■ **GIVEN INFORMATION**:
=======

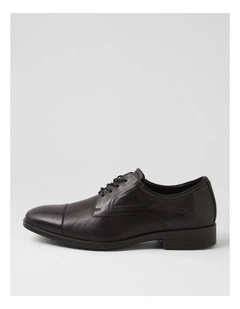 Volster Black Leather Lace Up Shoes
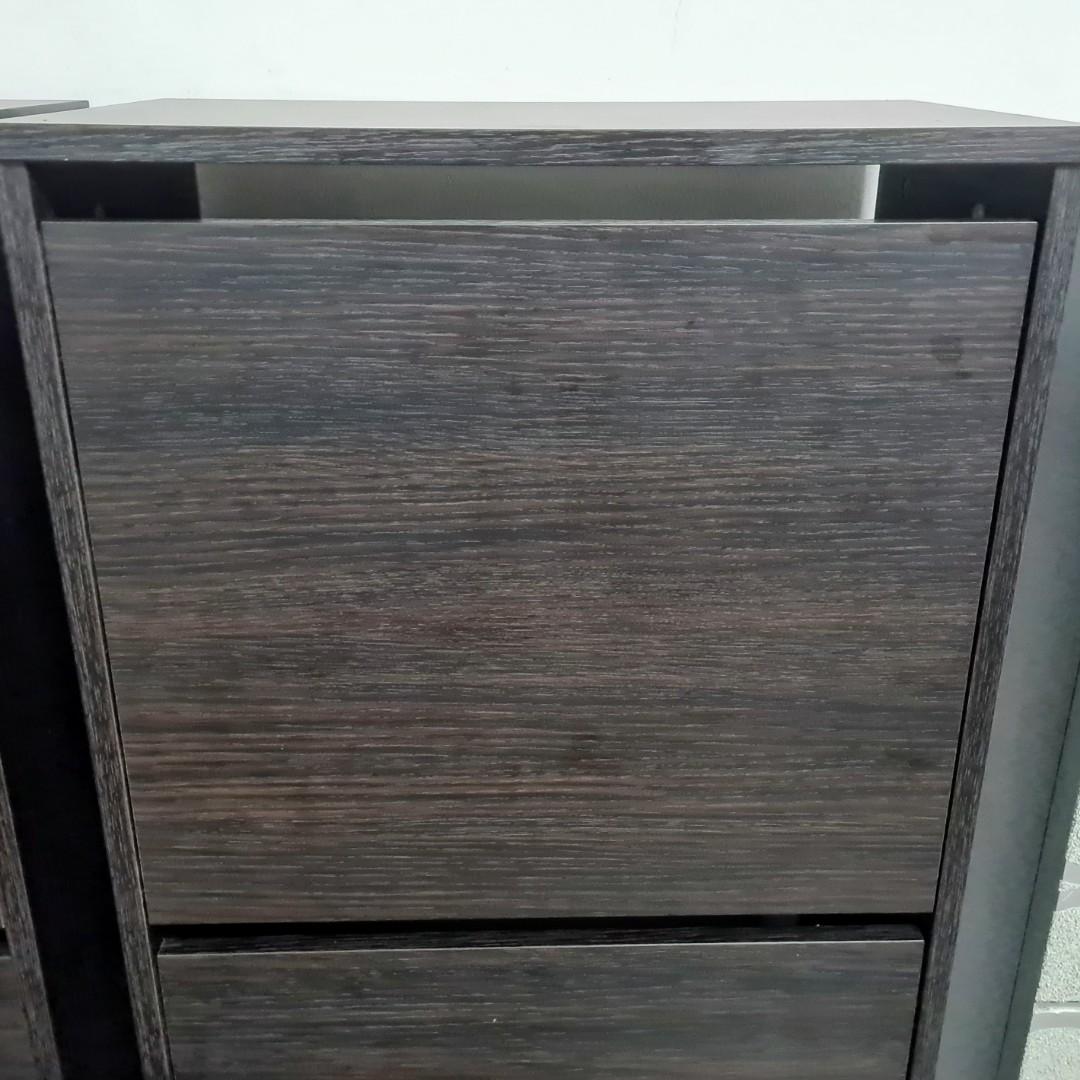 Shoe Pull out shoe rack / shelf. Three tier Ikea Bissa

=======

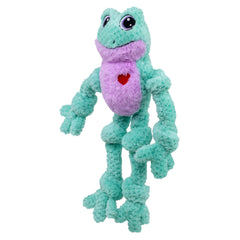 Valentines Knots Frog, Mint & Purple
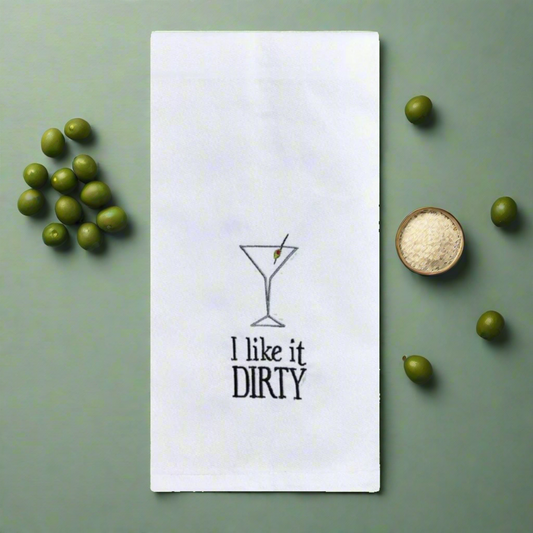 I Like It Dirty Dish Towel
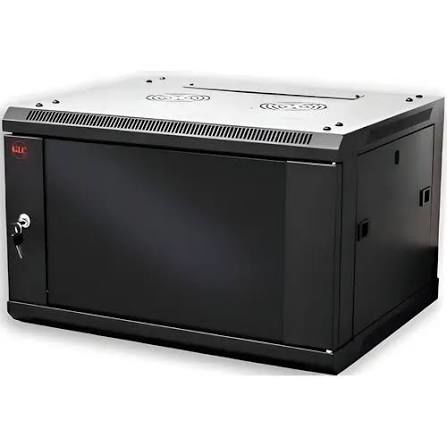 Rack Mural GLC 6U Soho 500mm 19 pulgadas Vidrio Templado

=======

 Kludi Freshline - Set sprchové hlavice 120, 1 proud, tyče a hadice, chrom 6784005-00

=======

■ **ASSIGNMENT**: What is needed is an exact copy of only the lines above from the one with "I Like It Dirty Dish Towel" to the one with "Rack Mural GLC", both kept, with every picture left out.

■ **WRITTEN SOLUTION**:
 I Like It Dirty Dish Towel
 Rack Mural GLC 6U Soho 500mm 19 pulgadas Vidrio Templado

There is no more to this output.